The 2009 wall calendar is now tossed in recycling bin, and I look to 2010 with renewed energy and dedication. But I did want to take once last parting look at 2009, from the perspective of this blog’s server logs.
Top Blog Posts
- Update on ODF Spreadsheet Interoperability (May 2009)
- ODF Lies and Whispers (June 2009)
- A Game of Zendo (July 2006)
- A follow-up on Excel 2007 SP2’s ODF support (May 2009)
- The Final OOXML Update: Part I (October 2009)
- The Formats of Excel 2007 (January 2007)
- The Final OOXML Update: Part III (October 2009)
- Taking Control of Your Documents March 2009)
- The Battle for ODF Interoperability (May 2009)
- The Chernobyl Design Pattern (October 2006)
Top Browsers
- Firefox: 57.3%
- Internet Explorer: 22.9%
- Safari: 5.2%
- Mozilla 4.7%
- Chrome: 3.8%
- Opera: 3.4%
- Mobile (various browsers): 1.4%
- Konqueror :1.3%
Top Operating Systems
- Windows: 62.1%
- Linux 26.8%
- Mac 9.7%
- Mobile 1.4%
Loved to see Linux up at 26.8% share at the “Top Operating Systems”. Suppose it’s your home clicks stat, doesn’t it?
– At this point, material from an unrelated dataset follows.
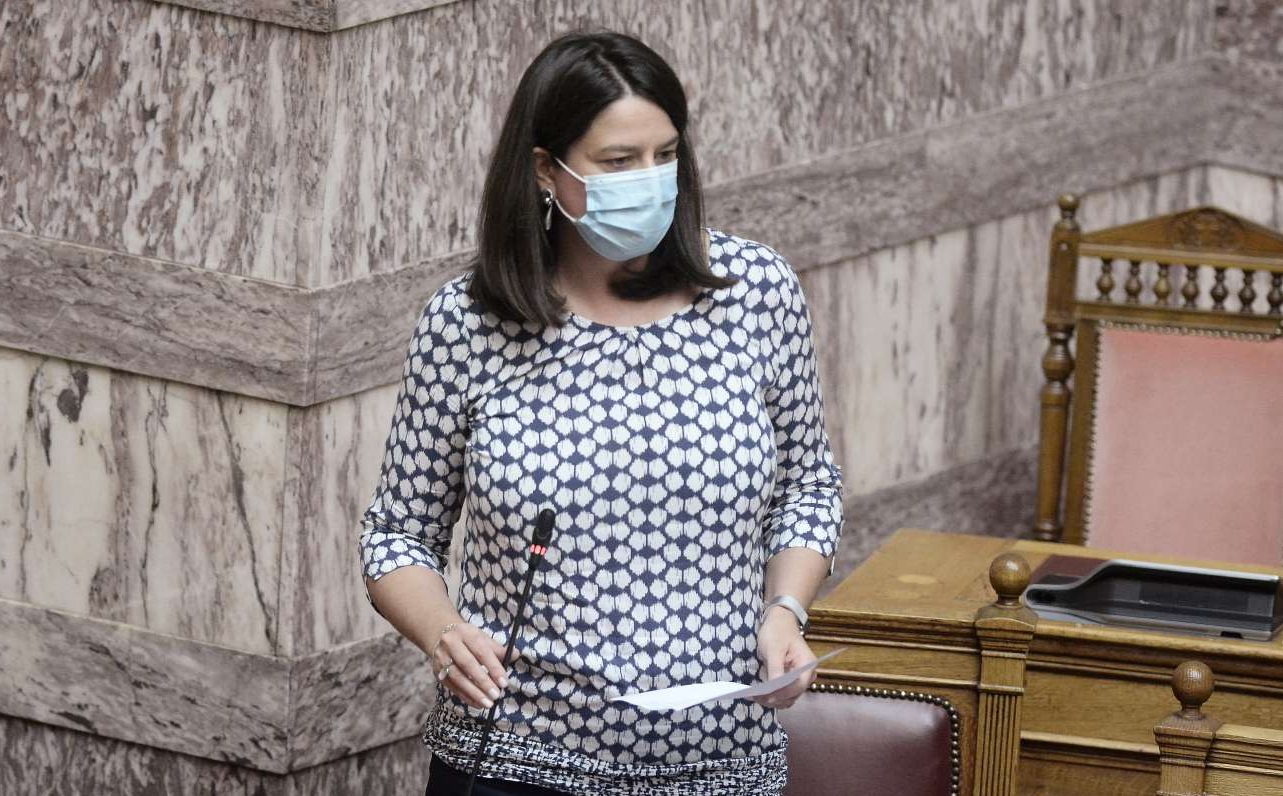 Η Κεραμέως άκουσε τη Διαμαντοπούλου: Μαθήματα τα Σάββατα και τις αργίες για τα σχολεία σε κατάληψη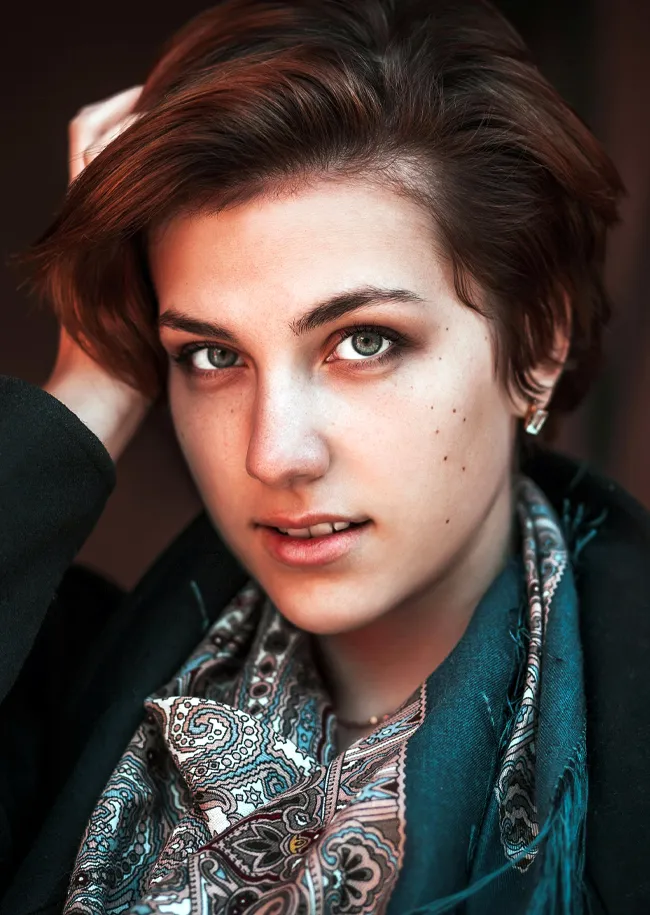 woman-contoured-pixie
You guys rock !!! Keep it strong at your FLOSS venture will, and good 2010.
The stats are based on “visits”. As many readers know, at the level of the HTTP protocol, all you have is requests and responses, for HTML pages, for embedded Javascript, CSS, image files, etc. So a single page load can involve dozens of HTTP requests. So when figuring out statistics like this you need to apply some sort of heuristic to get meaningful results. In this case I’m defining a “visit” to include all HTTP requests from an IP address who visits the site with no more than 30 minutes of inactivity. So if you come and visit and view just the home page and then leave, then that is one visit. If, instead, you go directly to a linked article, that is one visit. If you go to a linked article and then view 20 other pages, without 30 minutes of inactivity, that is also one visit. But if you come again tomorrow (after more than 30 minutes of inactivity) then that is counted as another visit.
If you try to get more clever than that you soon get into trouble. For example, you might want try measure based in IP address alone. But how many of us keep the same IP address for a year? How many of us keep the same operating system or same Linux distro for a year? How many of us surf the web from only one machine during a year?
There appears to be some interest in the Linux numbers, so here is a breakdown of that 26.8%:
Ubuntu: 12.5%
Linux (no distro specified): 7.1%
Debian: 2.4%
Fedora: 2.3%
SUSE: 1.4%
Gentoo: 0.8%
Red Hat: 0.3%
Slackware <0.1%
Of course, my readers are particularly enlightened and I don't claim that these numbers are reflective of the global population of web visitors.
If it is “Top 10 Blog Posts of 2009”, then why I see there:
3. A Game of Zendo (July 2006)
6. The Formats of Excel 2007 (January 2007)
Unless they got updated in 2009, I wonder why posts from other years do it here.
P.S. No preview button?
These are the top 10 most-visited posts in 2009. They are not the top 10 most-visited posts written in 2009.
And let me look into that preview button…
-Rob
The title is “Top 10 Blog Posts of 2009”, not “Top 10 Most-visited Blog Posts in 2009”; that’s why I was confused.